For SMEs, these facts are important. Because of the difficulty they have in reaching economies of scale, SMEs in Britain encounter productivity problems – problems that have afflicted most major Western economies, and certainly the UK’s, since 2008. Of course, some surveys suggest that British SMEs don’t think that productivity is much of a problem for them. But even if SMEs really thought this way, which we doubt, that would only underline the importance of automating SMEs, and of automating more of their IT.

Why some SMEs neglect automation – barriers to discuss

In recent months, it has become an unquestioned dogma that low wages in Britain explain the country’s failure to automate. While that logic is part of a sensible explanation, we need to realise that the relative availability of cheap labour forms just one of quite a few barriers to automating UK PLC.

The questions that a typical SME needs to ask itself about any automation project include the following:

  1. Is it technically feasible to automate the task or set of tasks we’ve identified as targets for automation?
  2. Compared to the investments we’ve put in to our existing IT systems, how much cash, time and management resource will need to go into deploying and maintaining new, more automated ones?
  3. What improvements in the quality of our buying and our output can staff and customers really expect from automation?
  4. How adaptable would our more automated processes prove in the face of new regulations that could well be complicated and arbitrary?
  5. How well protected, and how prescient, will our automated processes be in the face of new kinds of cyber-attack?

Starting a high-level, pragmatic debate

Both among staff and with customers, it’s never too early to start a lively dialogue on what processes can and should be automated, and how to go about this.

One way to start is to appoint a young person in the company to share the latest news or reports on breakthroughs in automation each month, and to present their thoughts on where these breakthroughs might apply to the business at-hand.

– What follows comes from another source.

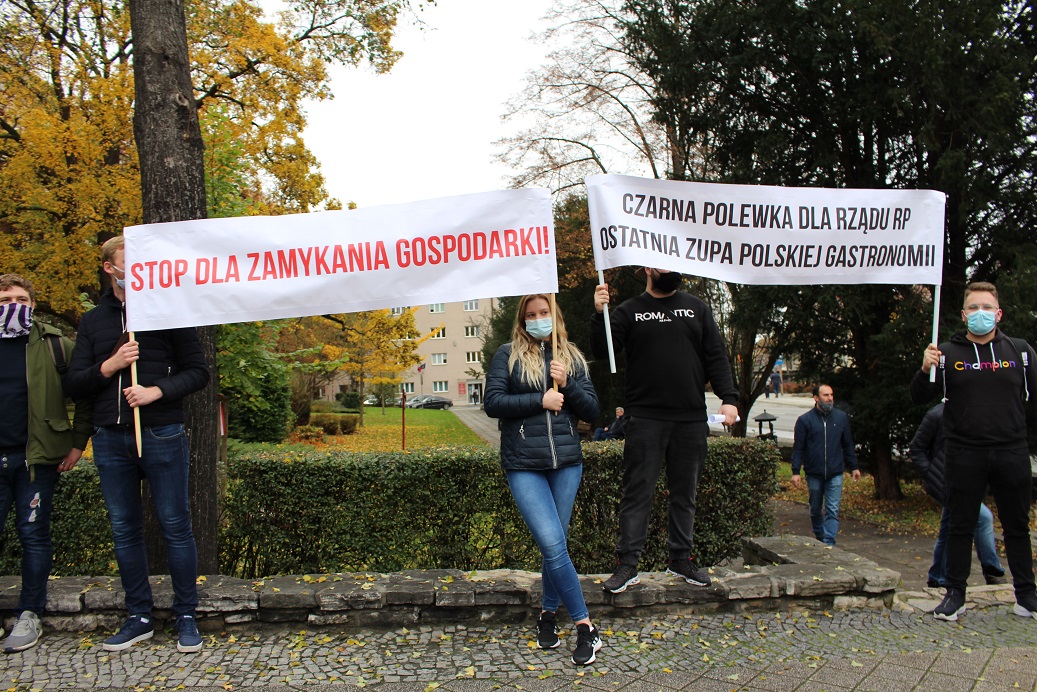 Kryzys.  Protest opolskich restauratorów: „Jarek, ciebie nie obsłużę!” Galeria zdjęć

Importantly, ‘automation’, here as elsewhere, goes a lot further than the automation of enterprise IT. It covers things like enterprise’s use of energy and transport, for example.

The aim of topical monthly workshops on automation is for staff to get a sense of the value it could bring to bear, and the urgency with which it needs to be applied.

Secondly, carry the debate on automation to your customers. Ask what their pain points are and what would benefit them. If customers don’t notice a positive difference after automation, it’s worth asking whether the whole exercise was worth it.

Last, think critically about which aspects of the business are automatable. Computers, algorithms and robots can do things that humans can’t. At the same time, they are also completely incapable of the high-level, social judgments – moral, aesthetic, political and personal – that are rather important to modern businesses. IT can detect and calculate what humans cannot, but IT-based robots still cannot easily straighten a pile of magazines or stack a retailer’s shelves.

Despite the enduring influence of the assembly line on our imagination, automation is rarely just about replacing people with robots around repetitive manual tasks. In a lot of cases, the value of automation lies in solving problems previously thought so complex, the business never had anyone working on them.

Robots as our liberators, not our replacements

In all aspects of automation, it’s the human factor that is the most vital, and often the most neglected.

Forget that stuff about robots taking our jobs. Humans have barely got round to investing in robots, and it’s humans who will decide the balance between Machine and Operator and whether the Operator’s job is changed or lost.

We’re a long way from the “millions of full-time jobs replaced by robots” refrain that’s made by alarmist commentators. In this century, direct job replacement by automation has already proved more the exception than the rule. Where automation really scores is in discovering new opportunities from data, and in the abolition of those routines that humans don’t need to go on doing.